Friday, February 10, 2017

My Sh*tty Super Bowl Sunday: Part 4

As someone who has been known on more than one occasion to rudely interrupt and say "please get to the point," I've certainly taken the long route in getting to mine which was originally that I hate the Patriots and therefore Super Bowl Sunday sucked. All of that other crap I wrote about was just normal day to day bullshit but, when you look back on it through the prism of the Patriots historic comeback victory, it rises to a higher level of suckiness.

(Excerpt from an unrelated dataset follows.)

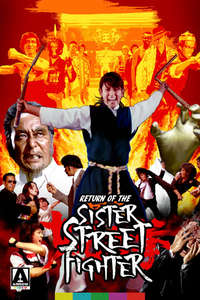The Return of Sister Street Fighter - Poster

It wasn't just that the Patriots won of course, it was the way they won. It's the way they so often win by taking advantage of their opponent going completely fucking brain dead with the game on the line. Whether it be Billy Cundiff missing a 32 yard field goal in the AFC Championship Game, the Eagles basically running the clock out on themselves in Super Bowl XXXIX or the Seahawks in Super Bowl XLIX throwing the ball into the middle of the field on second and goal from the one yard line with one of the best short yardage running backs and most mobile quarterbacks in the game. I'm not going to call the Patriots lucky because that's loser talk but let's just say that they've benefited from a few generous opponents. Cue the Falcons.

Wouldn't be the FGR
without this either.
No need to waste our collective time on all of the plays the Falcons had to botch to snatch defeat from the jaws of victory. Lord knows they've been dissected and discussed enough this week but I do want to look at one aspect of the Falcons' collapse that hasn't really gotten the attention it deserves. We'll also throw-in a couple of personal anecdotes as it wouldn't really be the FGR without those. For the sake of keeping this in order and so I don't have to think of words to connect my paragraphs, we're going timeline style and switching to the present tense - let's pick it up in the second quarter:

Second Quarter


2:21 - Tom Brady throws an interception that Atlanta's Robert Alford returns 82 yards for a touchdown. During the return, Brady makes what appears to be an attempt to tackle Alford and ends-up face down on the ground in a pose of defeat. Who knew that the Falcons would later rob us from the joy of seeing that image in perpetuity? At this point, my friend who hates the Patriots but loves gin begins tearing into my friend from Massachusetts via group text (yes I have two friends). Years of Patriots loathing was just coursing through the phones of everyone involved. Unfortunately, he wasn't just touching the money. He was cupping its balls. I remember getting a sudden chill as I envisioned Satan's dumb nephew Roger Goodell handing the trophy to God's spoiled grandson Robert Kraft.     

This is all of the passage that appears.